Also not an ISOLATED INCIDENT!


----------



## Johnwashere

I had the same thing in my security checked up! Ive never had debugging on. Havent really installed much on my stream 4k, just some of the major streaming services. I removed its access but have not done a factory reset I was thinking, I never gave it my google account and password but remember this is a android TV.... so I did! UGH

This tivo stream4k also makes me nervous because it was always uploading a decent amount. My home internet upload is pretty low during the workweek- like 2-3 Mbps and it got to a point that I had to power off my tivo stream4k. I ended up bringing to my office and using it on that tv where we have much faster internet.
I really think theres something shady with the tivo stream 4k security....


----------



## usamac

Johnwashere said:


> I had the same thing in my security checked up! I removed its access. I was thinking, I never gave it my google account and password but remember this is a android TV.... so I did! UGH
> This tivo stream4k also makes me nervous because it was always uploading a decent amount. My home internet upload is pretty low during the workweek- like 2-3 Mbps and it got to a point that I had to power off my tivo stream4k. I ended up bringing to my office and using it on that tv where we have much faster internet.
> I really think theres something shady with the tivo stream 4k security....
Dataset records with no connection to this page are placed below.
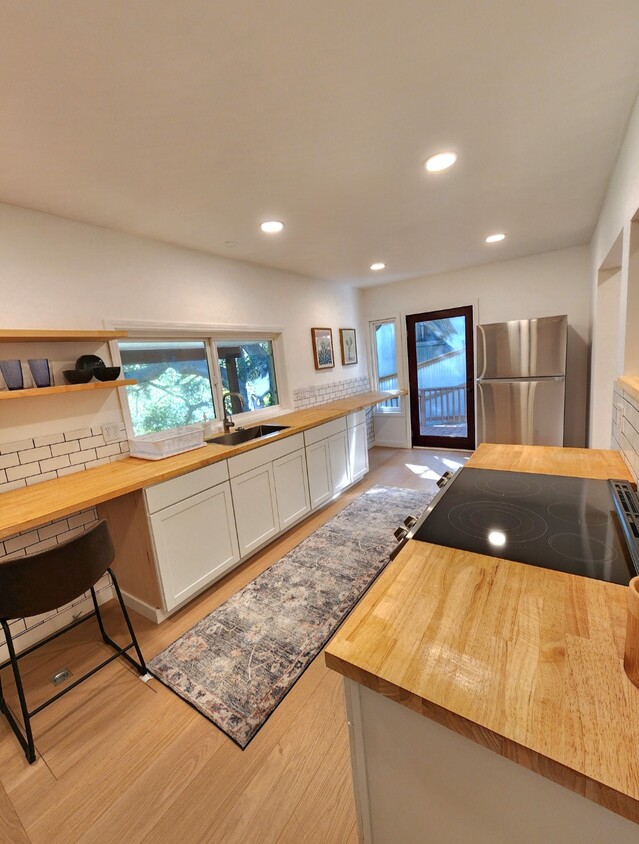 Foto principal - 380 Box Canyon Rd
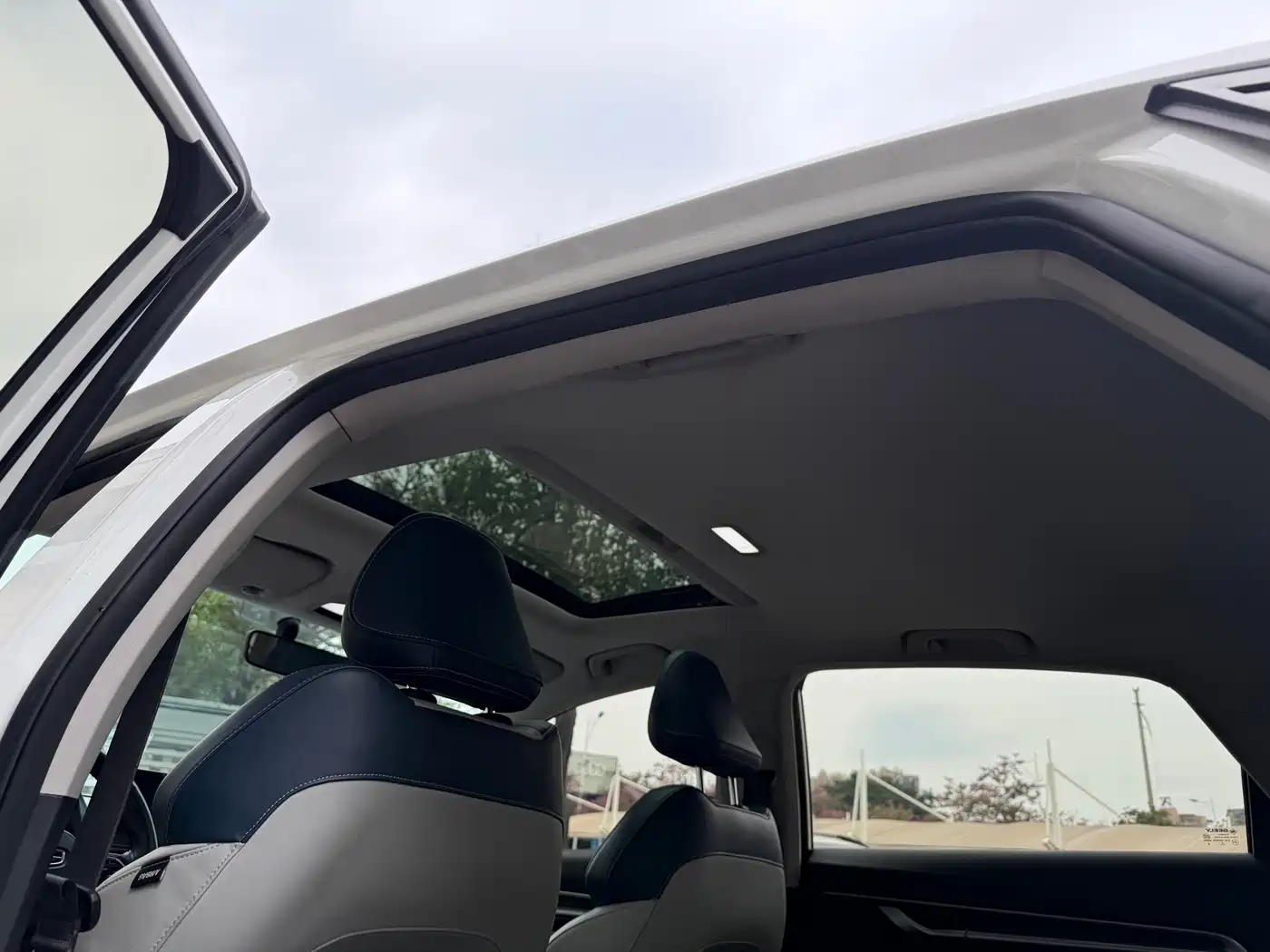 GEELY AUTOMOBILE EMGRAND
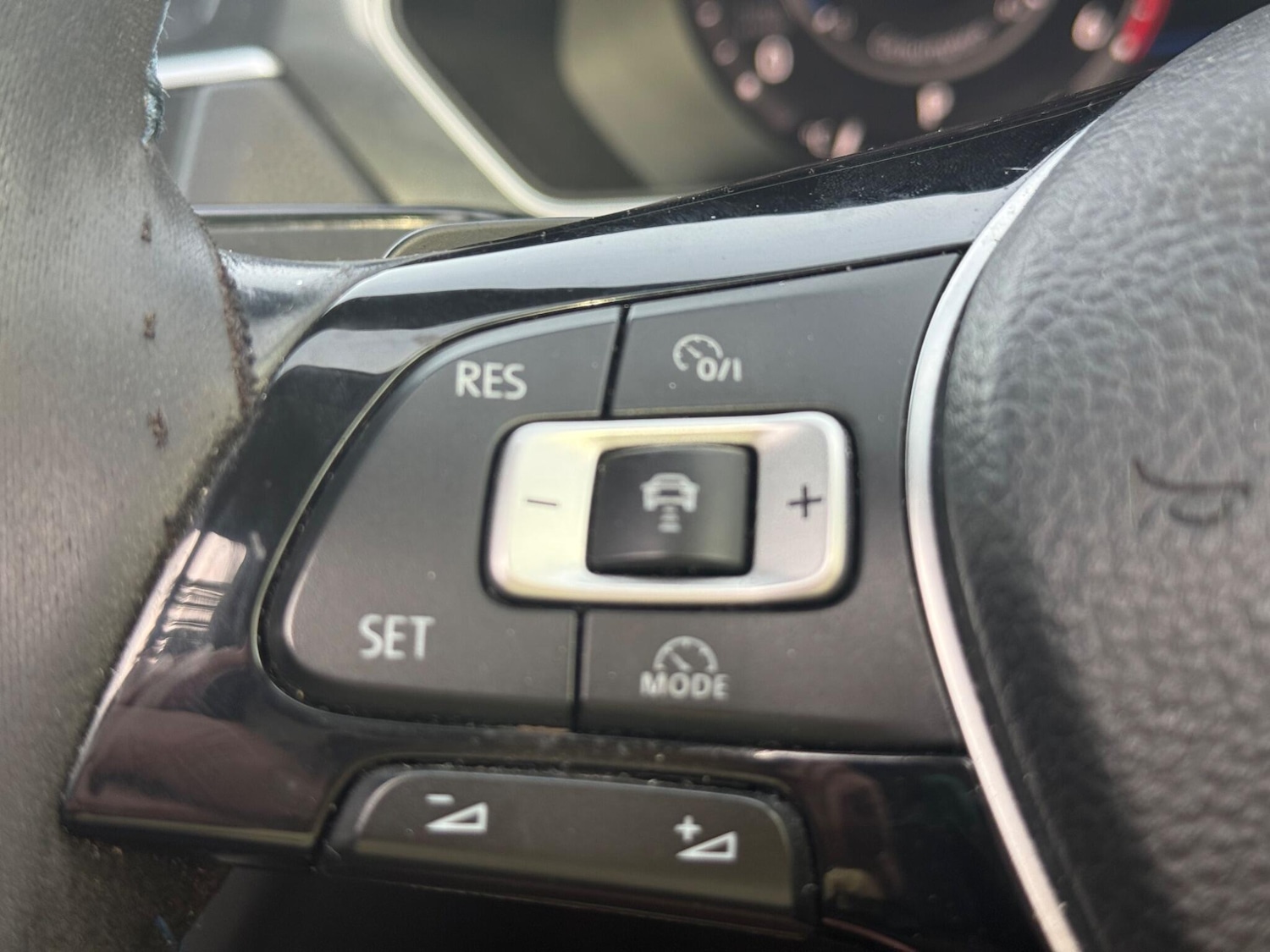 Used Volkswagen Tiguan 2017 for sale - 77969692: Photo 22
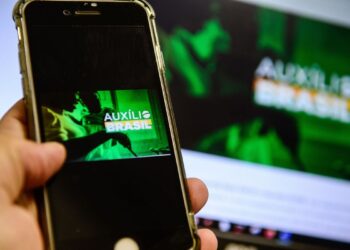 Auxílio Brasil é pago hoje a beneficiários com NIS final 2
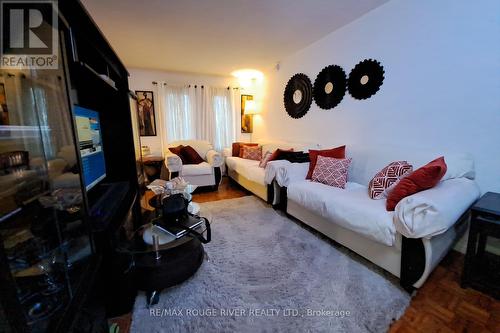 80 Wright Crescent, Ajax, ON - Indoor Photo Showing Living Room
I think you are confused, as so many in this thread are. There has been 1 update, aside from the initial update right after initial release/shipped. That update, was more of a hot fix to correct a few bugs.

S10 - Tapatalk


----------



## Johnwashere

usamac said:


> I think you are confused, as so many in this thread are. There has been 1 update, aside from the initial update right after initial release/shipped. That update, was more of a hot fix to correct a few bugs.
> 
> S10 - Tapatalk


Huh? I am not talking about any update. I am talking about UpLOAD. The tivo stream 4k, at least when I got it was constantly uploading (and obviously downloading while using). I get that it has to do some uploading but it was constantly uploading 2Mbps or so while it was on. Ive never had a streaming device upload so much data while using it, it was doing this for at least a few days when I first kept it plugged in.


----------



## usamac

Johnwashere said:


> Huh? I am not talking about any update. I am talking about UpLOAD. The tivo stream 4k, at least when I got it was constantly uploading (and obviously downloading while using). I get that it has to do some uploading but it was constantly uploading 2Mbps or so while it was on. Ive never had a streaming device upload so much data while using it, it was doing this for at least a few days when I first kept it plugged in.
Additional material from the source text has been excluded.